---------- Recorded information ----------

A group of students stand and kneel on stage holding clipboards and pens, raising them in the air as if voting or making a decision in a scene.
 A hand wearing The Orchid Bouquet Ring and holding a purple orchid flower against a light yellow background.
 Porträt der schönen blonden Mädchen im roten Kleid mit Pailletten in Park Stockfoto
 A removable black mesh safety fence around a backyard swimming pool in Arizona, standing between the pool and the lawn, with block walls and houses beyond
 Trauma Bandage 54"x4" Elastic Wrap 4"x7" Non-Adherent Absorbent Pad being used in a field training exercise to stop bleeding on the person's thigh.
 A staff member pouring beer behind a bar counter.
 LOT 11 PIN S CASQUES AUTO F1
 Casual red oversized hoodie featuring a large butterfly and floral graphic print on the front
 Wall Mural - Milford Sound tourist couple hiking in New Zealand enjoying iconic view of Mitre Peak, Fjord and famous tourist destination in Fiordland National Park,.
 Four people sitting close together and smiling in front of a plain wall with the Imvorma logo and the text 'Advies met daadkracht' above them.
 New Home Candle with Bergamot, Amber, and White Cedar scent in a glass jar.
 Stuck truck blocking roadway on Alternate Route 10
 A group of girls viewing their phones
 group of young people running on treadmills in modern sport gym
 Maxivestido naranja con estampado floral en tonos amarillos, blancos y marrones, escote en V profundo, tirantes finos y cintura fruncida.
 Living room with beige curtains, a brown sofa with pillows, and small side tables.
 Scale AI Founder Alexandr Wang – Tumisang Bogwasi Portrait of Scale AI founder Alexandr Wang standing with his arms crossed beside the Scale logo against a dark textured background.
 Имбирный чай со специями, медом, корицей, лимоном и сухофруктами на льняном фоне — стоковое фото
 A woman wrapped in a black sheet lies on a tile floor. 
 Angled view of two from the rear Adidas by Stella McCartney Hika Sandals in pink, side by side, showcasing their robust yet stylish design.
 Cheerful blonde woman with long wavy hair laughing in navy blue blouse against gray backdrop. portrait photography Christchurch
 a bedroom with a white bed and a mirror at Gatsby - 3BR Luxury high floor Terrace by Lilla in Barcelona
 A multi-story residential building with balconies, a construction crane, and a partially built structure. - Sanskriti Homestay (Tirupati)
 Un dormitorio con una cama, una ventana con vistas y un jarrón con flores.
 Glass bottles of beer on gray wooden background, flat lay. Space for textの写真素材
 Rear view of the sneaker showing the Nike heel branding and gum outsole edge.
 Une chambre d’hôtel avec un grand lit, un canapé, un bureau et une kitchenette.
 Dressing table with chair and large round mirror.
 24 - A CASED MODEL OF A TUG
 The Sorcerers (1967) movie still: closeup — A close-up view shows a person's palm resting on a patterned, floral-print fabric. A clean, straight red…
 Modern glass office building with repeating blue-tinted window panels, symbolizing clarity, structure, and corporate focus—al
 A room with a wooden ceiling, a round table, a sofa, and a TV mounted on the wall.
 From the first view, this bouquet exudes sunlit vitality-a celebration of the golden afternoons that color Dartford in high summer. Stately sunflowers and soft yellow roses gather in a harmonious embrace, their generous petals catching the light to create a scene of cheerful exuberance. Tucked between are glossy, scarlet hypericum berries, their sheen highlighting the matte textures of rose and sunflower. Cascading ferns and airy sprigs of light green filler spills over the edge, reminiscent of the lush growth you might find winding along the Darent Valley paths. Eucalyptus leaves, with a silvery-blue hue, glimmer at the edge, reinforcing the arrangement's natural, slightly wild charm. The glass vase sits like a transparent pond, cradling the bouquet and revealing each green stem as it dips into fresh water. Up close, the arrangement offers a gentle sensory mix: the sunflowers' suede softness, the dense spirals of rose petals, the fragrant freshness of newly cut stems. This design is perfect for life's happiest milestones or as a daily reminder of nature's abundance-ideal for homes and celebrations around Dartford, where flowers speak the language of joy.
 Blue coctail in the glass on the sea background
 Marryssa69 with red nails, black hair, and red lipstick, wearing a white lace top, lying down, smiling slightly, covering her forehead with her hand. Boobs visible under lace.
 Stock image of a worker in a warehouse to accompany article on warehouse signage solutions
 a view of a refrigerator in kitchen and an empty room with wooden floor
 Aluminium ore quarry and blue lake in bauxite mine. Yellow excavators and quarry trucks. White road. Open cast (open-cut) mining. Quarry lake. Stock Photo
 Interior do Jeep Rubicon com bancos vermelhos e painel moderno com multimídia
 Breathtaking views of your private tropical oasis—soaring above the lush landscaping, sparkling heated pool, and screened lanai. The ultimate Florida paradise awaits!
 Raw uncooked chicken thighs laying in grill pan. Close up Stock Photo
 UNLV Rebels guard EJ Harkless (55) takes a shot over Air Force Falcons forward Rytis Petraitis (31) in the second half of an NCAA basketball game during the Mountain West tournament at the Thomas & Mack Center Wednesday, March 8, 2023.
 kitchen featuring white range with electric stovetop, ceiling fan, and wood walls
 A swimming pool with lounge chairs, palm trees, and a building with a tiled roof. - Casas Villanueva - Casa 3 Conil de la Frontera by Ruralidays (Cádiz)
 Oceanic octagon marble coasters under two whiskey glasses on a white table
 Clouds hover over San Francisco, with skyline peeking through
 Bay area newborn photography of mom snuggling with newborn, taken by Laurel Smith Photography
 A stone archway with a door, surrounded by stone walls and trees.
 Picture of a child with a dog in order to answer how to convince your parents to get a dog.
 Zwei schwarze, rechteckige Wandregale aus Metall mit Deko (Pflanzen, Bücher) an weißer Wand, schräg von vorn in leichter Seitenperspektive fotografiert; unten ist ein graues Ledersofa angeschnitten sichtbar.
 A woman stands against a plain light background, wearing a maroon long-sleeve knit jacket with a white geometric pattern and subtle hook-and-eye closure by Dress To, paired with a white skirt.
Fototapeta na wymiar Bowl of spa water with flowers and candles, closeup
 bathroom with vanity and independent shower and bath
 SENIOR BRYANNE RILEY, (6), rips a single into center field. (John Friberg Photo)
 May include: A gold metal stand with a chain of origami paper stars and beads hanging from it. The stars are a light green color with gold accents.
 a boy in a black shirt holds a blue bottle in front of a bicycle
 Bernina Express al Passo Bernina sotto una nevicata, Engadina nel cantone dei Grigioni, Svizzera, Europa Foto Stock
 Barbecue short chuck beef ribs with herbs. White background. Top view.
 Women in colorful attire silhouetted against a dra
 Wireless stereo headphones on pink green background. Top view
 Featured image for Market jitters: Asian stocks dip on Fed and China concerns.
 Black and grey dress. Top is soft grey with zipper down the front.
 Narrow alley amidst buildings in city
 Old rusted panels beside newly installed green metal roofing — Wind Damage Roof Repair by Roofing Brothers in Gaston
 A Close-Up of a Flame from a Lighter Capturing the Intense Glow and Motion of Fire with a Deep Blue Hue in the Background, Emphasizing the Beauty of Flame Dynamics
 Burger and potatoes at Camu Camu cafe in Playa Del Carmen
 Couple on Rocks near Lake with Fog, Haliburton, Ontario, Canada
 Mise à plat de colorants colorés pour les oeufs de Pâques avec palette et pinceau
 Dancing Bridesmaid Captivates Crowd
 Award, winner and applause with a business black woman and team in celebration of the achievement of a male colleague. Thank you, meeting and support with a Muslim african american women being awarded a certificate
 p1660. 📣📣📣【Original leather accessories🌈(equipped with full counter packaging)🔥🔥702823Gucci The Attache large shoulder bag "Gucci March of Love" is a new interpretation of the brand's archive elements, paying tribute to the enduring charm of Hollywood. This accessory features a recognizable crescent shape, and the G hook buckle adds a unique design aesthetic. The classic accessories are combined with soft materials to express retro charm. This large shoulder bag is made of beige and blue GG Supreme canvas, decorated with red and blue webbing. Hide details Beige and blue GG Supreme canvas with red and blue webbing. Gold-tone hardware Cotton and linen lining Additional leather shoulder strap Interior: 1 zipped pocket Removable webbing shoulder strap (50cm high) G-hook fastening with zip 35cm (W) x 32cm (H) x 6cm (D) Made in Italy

----------

▶ **Exercise instructions**: Using the entries above, give back exactly the line containing "Raw uncooked chicken", the line containing "Bay area newborn", and every line between them, and nothing else.

▶ **Reply to the exercise**:
 Raw uncooked chicken thighs laying in grill pan. Close up Stock Photo
 UNLV Rebels guard EJ Harkless (55) takes a shot over Air Force Falcons forward Rytis Petraitis (31) in the second half of an NCAA basketball game during the Mountain West tournament at the Thomas & Mack Center Wednesday, March 8, 2023.
 kitchen featuring white range with electric stovetop, ceiling fan, and wood walls
 A swimming pool with lounge chairs, palm trees, and a building with a tiled roof. - Casas Villanueva - Casa 3 Conil de la Frontera by Ruralidays (Cádiz)
 Oceanic octagon marble coasters under two whiskey glasses on a white table
 Clouds hover over San Francisco, with skyline peeking through
 Bay area newborn photography of mom snuggling with newborn, taken by Laurel Smith Photography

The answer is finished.